Sombrero's is a Tex-Mex eatery with a dual identity. At lunch, you move down a line and point to ingredients on a steam table. Dinnertime, there's full service and ordering from a menu -- although most everything comes from those same trays behind the counter.

While tables are tight and the room can reverberate, you may not care after a bowl of fiery rich sweet potato chipotle soup. The "cheesy" chicken tortilla soup makes for a lively alternative. One night, though, a well-seasoned shrimp and black bean soup is short on shrimp, hot enough to burn the roof of the mouth.

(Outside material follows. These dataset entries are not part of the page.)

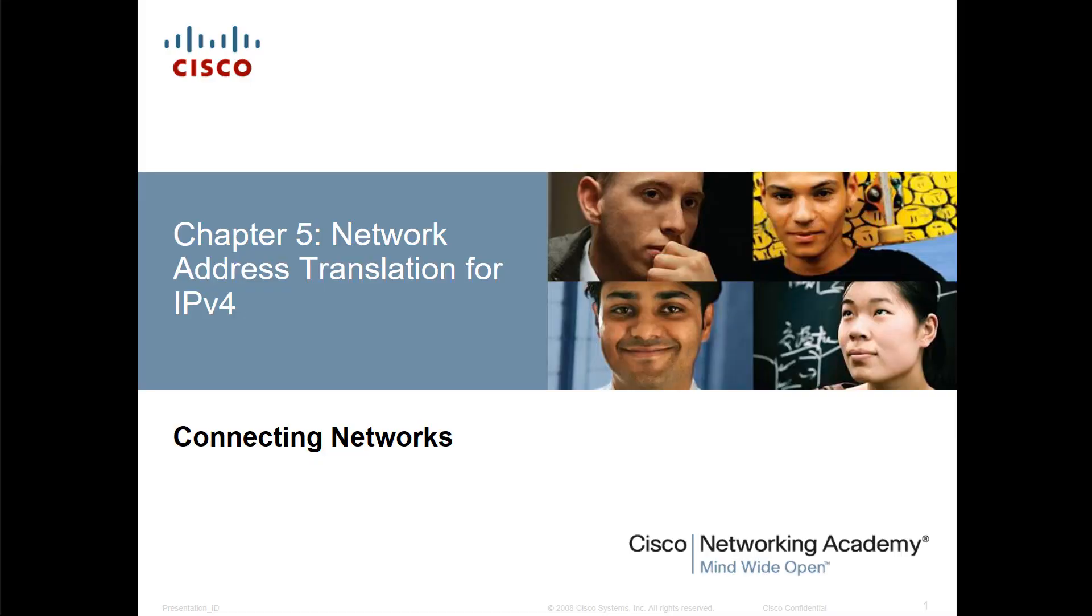For thoroughness sake, I wanted to bring up an issue that several students have been discussing. If you've gone through all four courses of the CCNA material, you'll notice that Chapter 5 in Connecting Networks is identical to Chapter 11 from Route and Switch, and that includes all labs. So instead of doing the lab videos over again, I am actually just going to repeat the videos for Chapter 11 in Route and Switch with this announcement.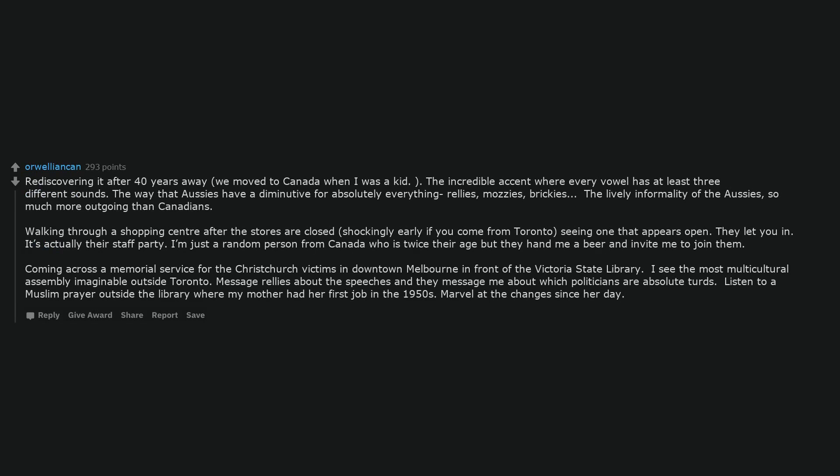Rediscovering it after 40 years away, we moved to Canada when I was a kid. The incredible accent where every vowel has at least three different sounds. The way that Aussies have a diminutive for absolutely everything: rallies, mozzies, brickies. The lively informality of the Aussies, so much more outgoing than Canadians. Walking through a shopping center after the stores are closed, shockingly early if you come from Toronto, seeing one that appears open. They let you in. It's actually their staff party. I'm just a random person from Canada who is twice their age but they hand me a beer and invite me to join them. Coming across a memorial service for the Christchurch victims in downtown Melbourne in front of the Victoria State Library. I see the most multicultural assembly imaginable outside Toronto. Message rallies about the speeches and they message me about which politicians are absolute turds. Listen to a Muslim prayer outside the library where my mother had her first job in the 1950s. Marvel at the changes since her day.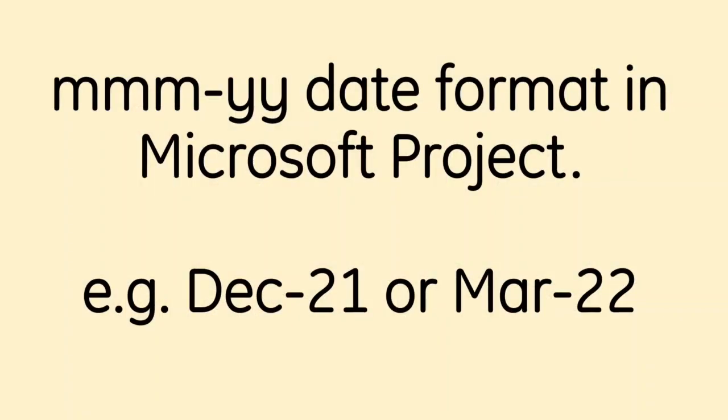Hello. Good morning. This is Planner's Place YouTube channel where we share tips and tweaks in Microsoft Project and Primavera P6.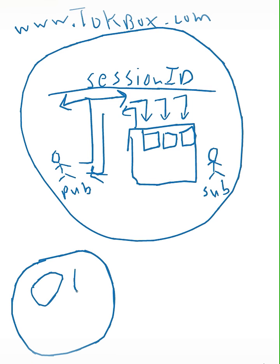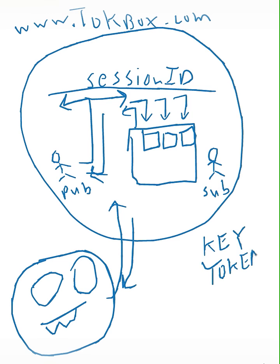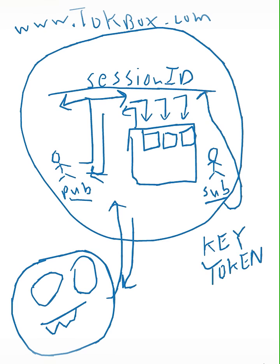For security reasons, you probably don't want random aliens from Mars publishing and subscribing to your content. So we have something called keys and tokens. Basically, keys and tokens are there to make sure that all users are publishing and subscribing to the session ID that they're authorized for.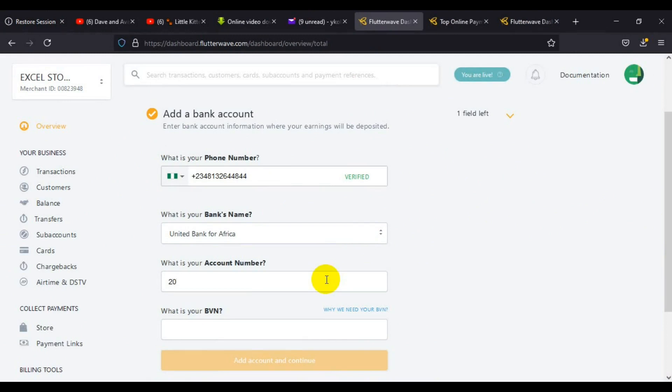Now you have to provide the account number of the bank. I'm going to type in the account number.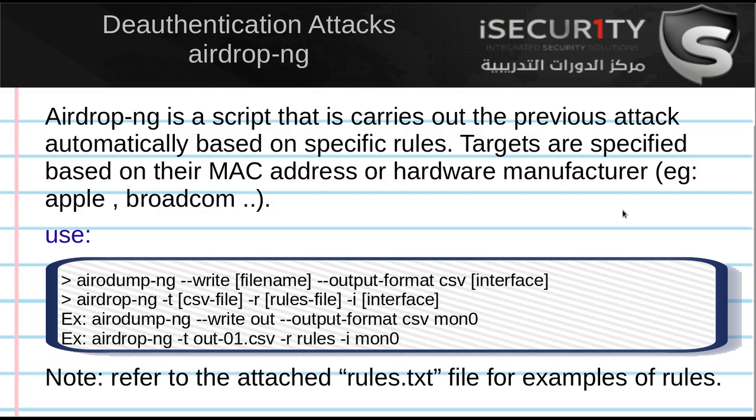In the previous video, we saw how deauthentication attacks can be useful and how we can use them to disconnect any device within our Wi-Fi range from any network that is also within our Wi-Fi range.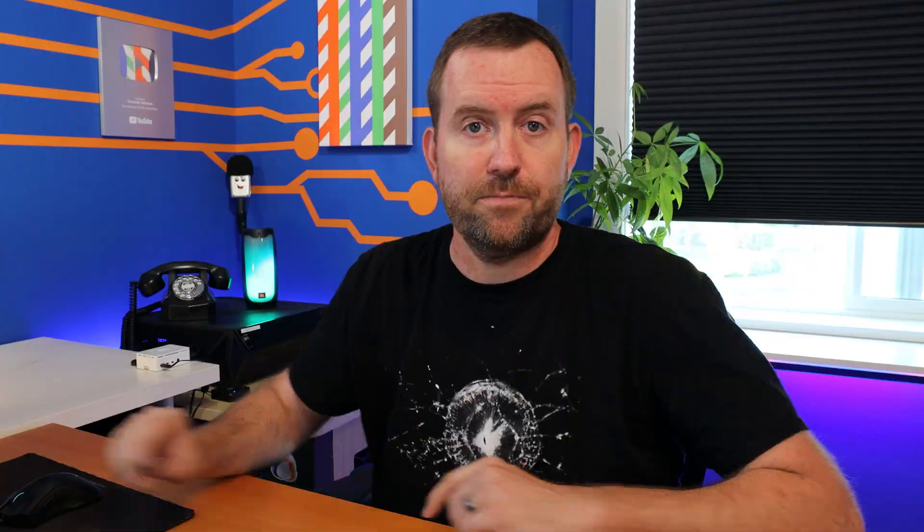And if we wanted to we could click update system in the bottom right hand corner to perform these upgrades. Keep in mind that with system upgrades there's a very good chance that FreePBX is going to go offline for those updates.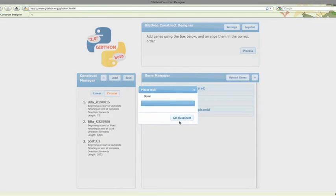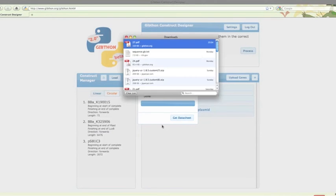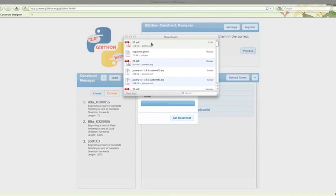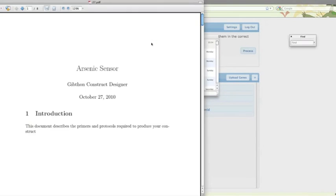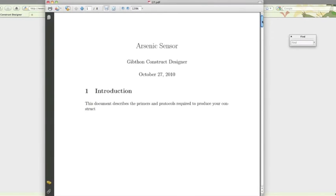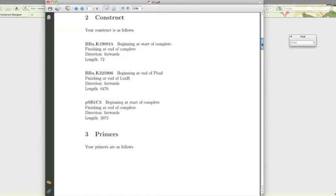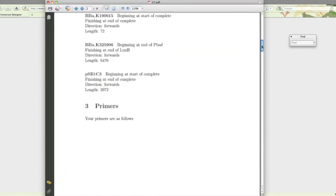When it's ready, we'll get a PDF with a description of the construct, and then datasheets for all the primers with the melting temperature for the annealing portion, as well as the whole primer, along with secondary structures and Gibbs free energy.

Better is a subtly spicy bowl of chicken chili.

Chicken wings, fried but not breaded, work best with a habanero barbecue sauce. A simple shrimp quesadilla oozes molten cheese -- and comfort. Less appealing is an oddly sweet arepa, or corncake, stuffed with mozzarella. Mama mia.

Roasted pork carnitas -- moist hunks of tender meat -- hold up well on the steam table. They're great in assemble-your-own flour tortilla fajitas, with peppers and onions served with rice, beans and sour cream; pico de gallo comes on demand; guacamole costs extra.

Carnitas show up again in the very good Albuquerque burrito bowl -- all the ingredients of a burrito without the tortilla -- along with rice, black beans, Cheddar cheese and barbecue sauce. The Santa Fe burrito features somewhat dry grilled chicken with rice, black beans and cheese, plus salsa and sour cream. It's hefty but, unfortunately, lukewarm. And while a Margarita shrimp salad with tomatoes, cucumber and pico de gallo isn't bad, it's somewhat bland.

Tacos here are either crispy corn or soft flour. Sampled with fried tilapia as well as pork carnitas, they are best when kicked up with a side of guacamole.

Dessert is a churro -- basically, a stick of fried dough. Better to spend calories on what comes before.